- TASK TO CARRY OUT -
Treat the line containing "仓库管理系统需求分析精编版Word下载.docx_第3页" as the first line and the final line of the material below as the last; reproduce that range exactly.

- DATA PROVIDED -
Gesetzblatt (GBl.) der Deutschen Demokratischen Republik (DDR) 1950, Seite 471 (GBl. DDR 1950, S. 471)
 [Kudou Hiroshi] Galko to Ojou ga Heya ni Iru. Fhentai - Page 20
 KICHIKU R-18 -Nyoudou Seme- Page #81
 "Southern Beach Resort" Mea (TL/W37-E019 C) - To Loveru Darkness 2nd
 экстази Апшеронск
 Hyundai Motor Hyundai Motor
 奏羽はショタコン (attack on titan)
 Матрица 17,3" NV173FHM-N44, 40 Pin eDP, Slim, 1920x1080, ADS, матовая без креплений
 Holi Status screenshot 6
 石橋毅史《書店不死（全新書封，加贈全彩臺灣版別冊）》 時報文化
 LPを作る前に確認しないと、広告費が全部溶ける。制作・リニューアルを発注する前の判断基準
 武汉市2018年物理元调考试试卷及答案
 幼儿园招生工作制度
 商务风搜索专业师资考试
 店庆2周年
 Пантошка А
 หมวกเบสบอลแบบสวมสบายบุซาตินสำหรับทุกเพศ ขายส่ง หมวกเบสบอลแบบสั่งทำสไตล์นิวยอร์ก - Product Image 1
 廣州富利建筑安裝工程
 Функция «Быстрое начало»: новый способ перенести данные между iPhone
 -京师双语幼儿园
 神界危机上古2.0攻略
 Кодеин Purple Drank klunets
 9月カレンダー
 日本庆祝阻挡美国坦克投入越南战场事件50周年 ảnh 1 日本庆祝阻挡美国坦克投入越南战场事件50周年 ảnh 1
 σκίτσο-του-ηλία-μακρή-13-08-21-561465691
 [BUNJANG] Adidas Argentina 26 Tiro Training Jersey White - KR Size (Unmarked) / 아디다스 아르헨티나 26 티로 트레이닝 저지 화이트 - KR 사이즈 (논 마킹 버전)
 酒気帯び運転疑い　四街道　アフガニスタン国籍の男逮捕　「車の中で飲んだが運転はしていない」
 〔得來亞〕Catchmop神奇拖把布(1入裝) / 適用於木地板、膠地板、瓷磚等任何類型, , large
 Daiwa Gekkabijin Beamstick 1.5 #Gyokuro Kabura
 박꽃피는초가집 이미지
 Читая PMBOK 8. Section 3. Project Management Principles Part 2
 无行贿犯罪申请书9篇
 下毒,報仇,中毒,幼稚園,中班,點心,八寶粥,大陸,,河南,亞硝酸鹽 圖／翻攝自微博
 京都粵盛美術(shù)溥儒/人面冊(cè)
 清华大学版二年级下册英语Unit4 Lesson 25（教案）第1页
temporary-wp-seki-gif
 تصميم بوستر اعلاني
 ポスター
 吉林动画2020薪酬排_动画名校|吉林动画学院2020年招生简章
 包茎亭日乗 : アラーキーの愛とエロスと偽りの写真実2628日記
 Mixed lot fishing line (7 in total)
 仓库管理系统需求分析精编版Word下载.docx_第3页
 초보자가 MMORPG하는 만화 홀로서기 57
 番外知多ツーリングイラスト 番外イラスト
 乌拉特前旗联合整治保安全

- SOLUTION -
 仓库管理系统需求分析精编版Word下载.docx_第3页
 초보자가 MMORPG하는 만화 홀로서기 57
 番外知多ツーリングイラスト 番外イラスト
 乌拉特前旗联合整治保安全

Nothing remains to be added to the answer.